Aún así, no pierde el gusto por el dramatismo y la composición sugerente en ocasiones, generando escenas realmente sobrecogedoras y espeluznantes; y a la vez, una gran preocupación por plasmar el paso del tiempo con la intención de acceder a la angustia y la impotencia de carecer de medios para acabar con la amenaza.

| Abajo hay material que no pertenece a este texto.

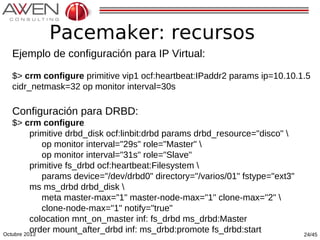 Pacemaker: recursos
Ejemplo de configuración para IP Virtual:
$> crm configure primitive vip1 ocf:heartbeat:IPaddr2 params ip=10.10.1.5
cidr_netmask=32 op monitor interval=30s

Configuración para DRBD:
$> crm configure
primitive drbd_disk ocf:linbit:drbd params drbd_resource="disco" 
op monitor interval="29s" role="Master" 
op monitor interval="31s" role="Slave"
primitive fs_drbd ocf:heartbeat:Filesystem 
params device="/dev/drbd0" directory="/varios/01" fstype="ext3"
ms ms_drbd drbd_disk 
meta master-max="1" master-node-max="1" clone-max="2" 
clone-node-max="1" notify="true"
colocation mnt_on_master inf: fs_drbd ms_drbd:Master
order mount_after_drbd inf: ms_drbd:promote fs_drbd:start
Octubre 2013

24/45

 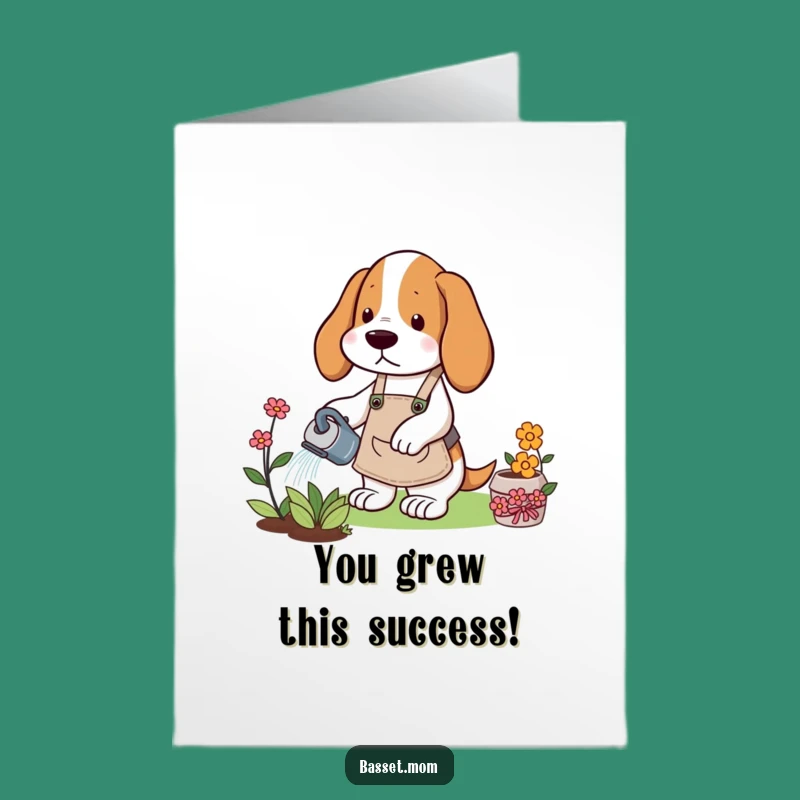 Free Printable Gardening Basset Congrats Card: Funny Dog Gardener Downloadable Gift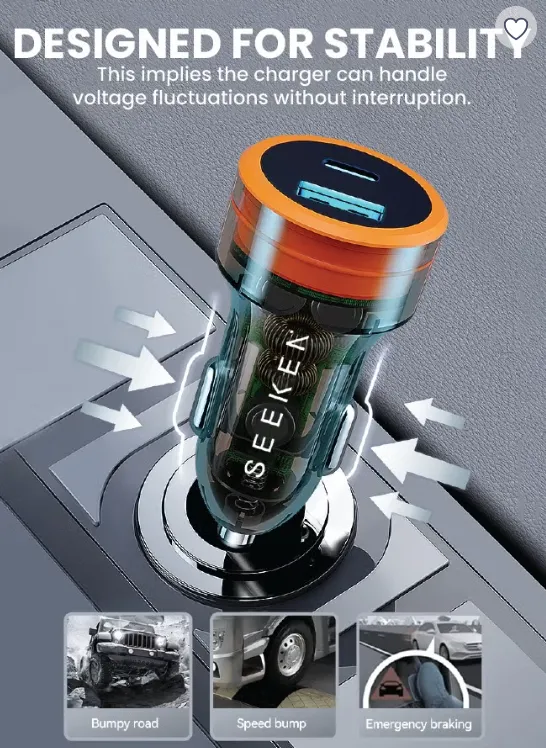 HiCell Dual Port 38W Car Charger + Cable in Oman – Fast Dual Device Charging - Image 4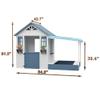 Kids Playhouse with Sandbox, Wooden Outdoor Cottage Play House with Sand Pit for Backyard Garden Ages 3 to 10 Years Old (Grey) view 2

Siendo una clara crítica al sistema policial soviético y reflexionando sobre lo que se podría haber evitado, resulta interesante la manera en que esos dos grandes personajes interpretados por Stephen Rea y Donald Sutherland aprenden a jugar en el medio burocrático y a mover sus fichas en los momentos oportunos para poder alcanzar el objetivo que por momentos no parece ser el mismo que el de los altos mandos, preocupados por no desestabilizar el orden ni perjudicar la imagen de la nación, algo que en nada se diferencia de Occidente.


Una pareja singular
Volviendo a la cuestión formal, parece bastante claro que la obra utiliza los mecanismo televisivos para conseguir el mismo efecto emocional del cine, permitiéndose incluso apariciones estelares como la del gran Max Von Sydow, uno de tantos puntos de giro que renueva las fuerzas para enfrentarse a ese asesino en serie que el público conoce y al verdadero obstáculo personificado en el camarada Bondarchuk (Joss Ackland), quien reformula el sentido del objetivo y el antagonista. Un telefilme que muestra las virtudes de la estética televisiva y sirve para posicionar el debate sobre las posibilidades cinematográficas de la televisión; porque la televisión tiene sus propios códigos de identidad.